Where the line containing "Goal-ը հրապարակել է" appears, begin retyping; continue exactly through the final line of the data. Omit every picture.

++++

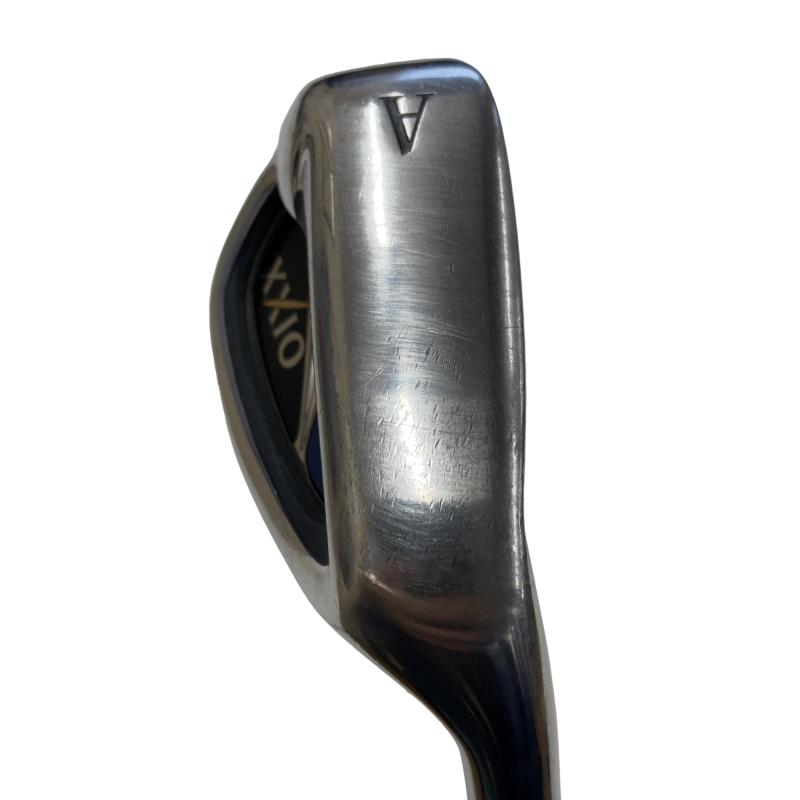 �w�w�h�n�i�Q�O�P�S�j�@�`�v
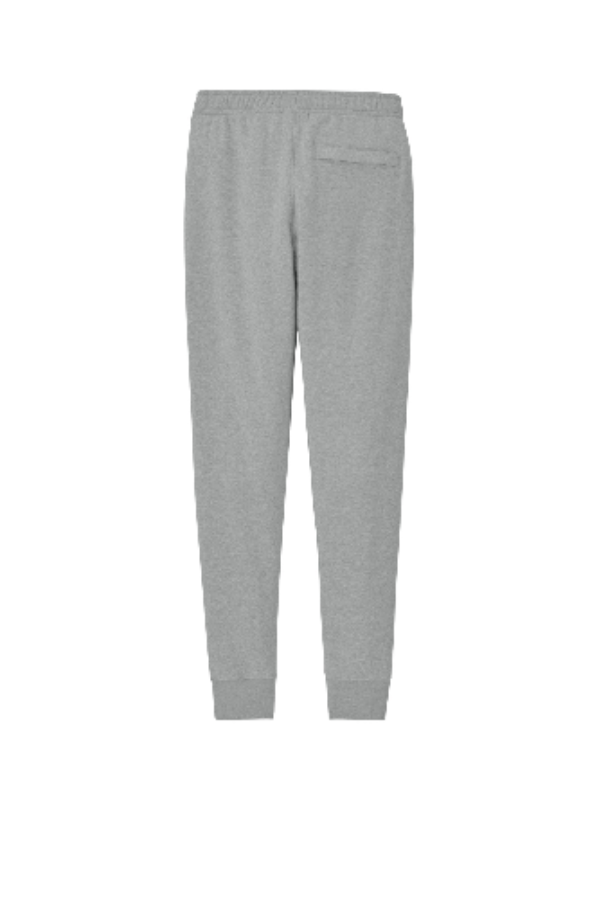 Nike Club Fleece Jogger Additional Angle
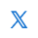 X icon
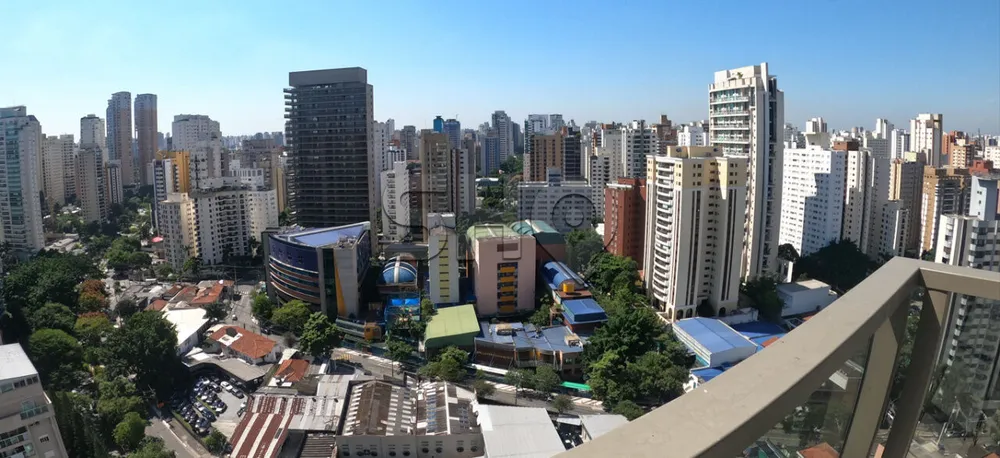 Apartamento, 4 quartos, 358 m² - Foto 2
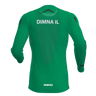 Fast T-Shirt LS Men (9906221744403)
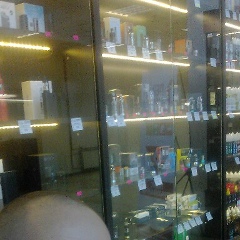 Тёма Руденко, 18.10.1988, Северодонецк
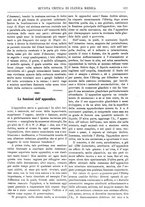 giornale/TO00193913/1910/unico/00001025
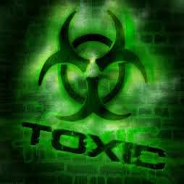 ToxicKills.png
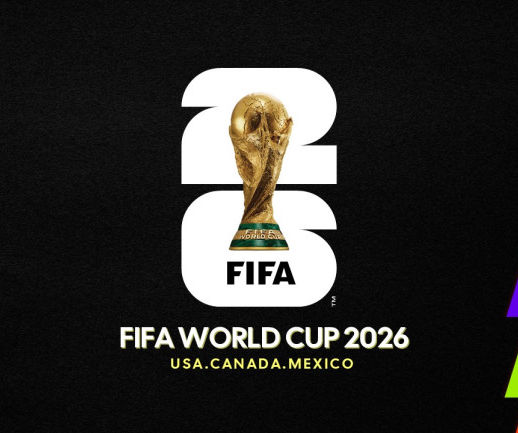 Goal-ը հրապարակել է ԱԱ-2026-ի հաղթողի գլխավոր հավակնորդների վարկանիշը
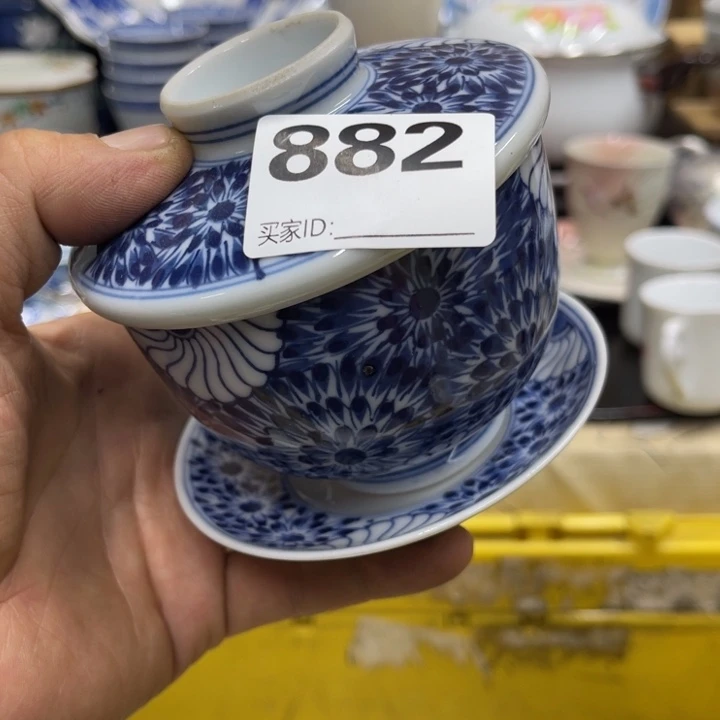 开*福利福利福利福利了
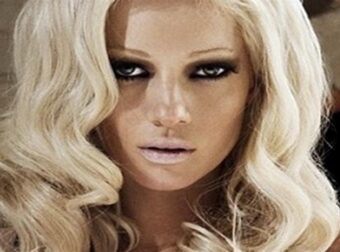 Ξέσπασε η Τζούλια Αλεξανδράτου: «Αυτή είναι η τρίτη μου εγκυμοσύνη». Τι είπε για τις άλλες δύο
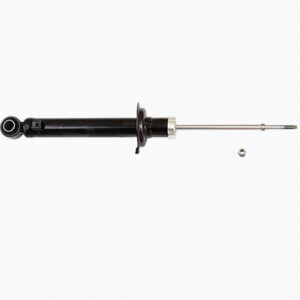 Amortiguador Trasero Ultra > Gr-G56566 Grc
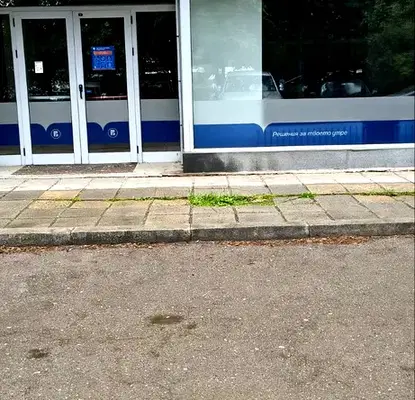 Photo 3 — Office in Sofiya, Iztok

++++

ANSWER:
 Goal-ը հրապարակել է ԱԱ-2026-ի հաղթողի գլխավոր հավակնորդների վարկանիշը
 开*福利福利福利福利了
 Ξέσπασε η Τζούλια Αλεξανδράτου: «Αυτή είναι η τρίτη μου εγκυμοσύνη». Τι είπε για τις άλλες δύο
 Amortiguador Trasero Ultra > Gr-G56566 Grc
 Photo 3 — Office in Sofiya, Iztok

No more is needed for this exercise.